■ **Material for this exercise**

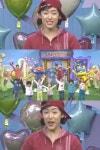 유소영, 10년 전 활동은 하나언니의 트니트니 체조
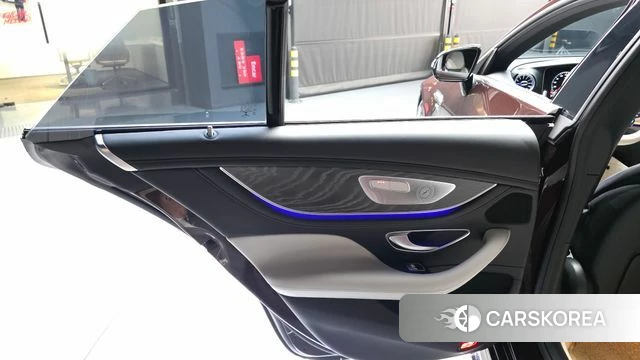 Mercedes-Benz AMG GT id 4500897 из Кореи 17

--

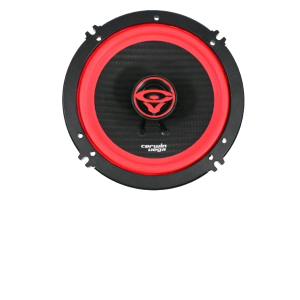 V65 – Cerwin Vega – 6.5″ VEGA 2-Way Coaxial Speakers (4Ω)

■ **Activity**
What lines above run from the one with "유소영, 10년 전 활동은 하나언니의 트니트니 체조" to the one with "Mercedes-Benz AMG GT id 4500897 из Кореи 17"? Give them again exactly, ends included, and leave the pictures out.

■ **Solution to this exercise**
 유소영, 10년 전 활동은 하나언니의 트니트니 체조
 Mercedes-Benz AMG GT id 4500897 из Кореи 17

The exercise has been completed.